My recent holiday in Chennai was quite hectic. Apart from some personal work,I took the opportunity to listen to some lively music concerts,which are part of the ongoing Annual Music Festival. I listened to concerts by top class artists like Sanjay Subramanyam,Sikkil Gurucharan,TM Krishna,Nityasri and TV Sankaranarayanan.
The way carnatic music is structured,there is plenty of scope for innovation – be it in rendering a song(kriti),kalpana swaram(imagination based swara rendering for every kirtana),rag alapana etc. Every musician brings his own distinctive flavour to a concert. Big musicians are invariably under tremendous pressure during the December music season as they are expected to come up with something very new and special.
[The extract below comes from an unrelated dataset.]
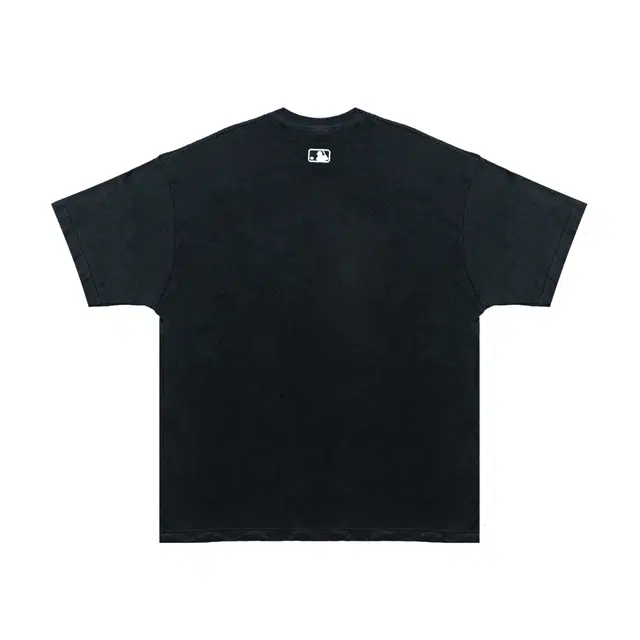 MLB T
As I look back at the concerts and the musicians,I am intrigued by one question – that is, just when or how does a famous musician transform into a Maestro? I posed this question to a friend of mine. We had a good discussion;however,obviously,there is no simple answer to this.

The career of a musician is pretty much similar to that of a CEO of a professionally managed company. A successful musician is not merely good at music. Consider the variety of roles he has to play in order to become famous and remain on top. First and foremost, he has to ensure that high quality music is dished out in each and every concert without fail. This is akin to the role of a Quality assurance manager in a company. In this role,he has to maintain a good voice culture,make a good selection of songs,plan out his concert properly in terms of structure and sequence of rendering etc. The second role which is equally important is that he or she has to necessarily come up with some innovation during a music festival every year. It is expected of them to innovate on the way in which a raga is rendered or come up with a new tune for an old song or whatever. This is like an R&D function in a corporate setting.

Next,they have to develop rapport very quickly with the accompanying artists like violonists,mridangam or thabla players by constantly encouraging them during the entire concert. After all, entire show is a team effort and the musician has to lead by inspiring his team members continuously so that they will give out their best. This role is that of a Human resource manager in a company. In a similar manner,the musician has to keep an eye on the audience to feel their pulse and perform according to their taste and expectations. This sounds like ‘customer focus’ in a corporate setup.

In addition to all this the musician has to plan out his career in such a manner that it is self sustaining. In other words he should not burn himself out. He should have a vision of the future and plan accordingly. And most importantly he also should know how to promote or market himself to various Sabhas, organizers and sponsors etc.

Thus a for a musician to transform into a maestro,I guess he has to be adept at wearing several hats at different times. Does the familiar cliche ‘Jack of all trades but master of none’ apply to a musician? No way. He has to be a ‘Jack of all trades,no doubt, but most certainly a master of at least one’. Imagine the kind of discipline needed to achieve this!

The world of Carnatic music has produced several maestros – Veena maestro Balachander,Flute maestro Mali, Choudaiah,Dwaram,Lalgudi(among Violin maestros),among vocalists GNB to name just one among several.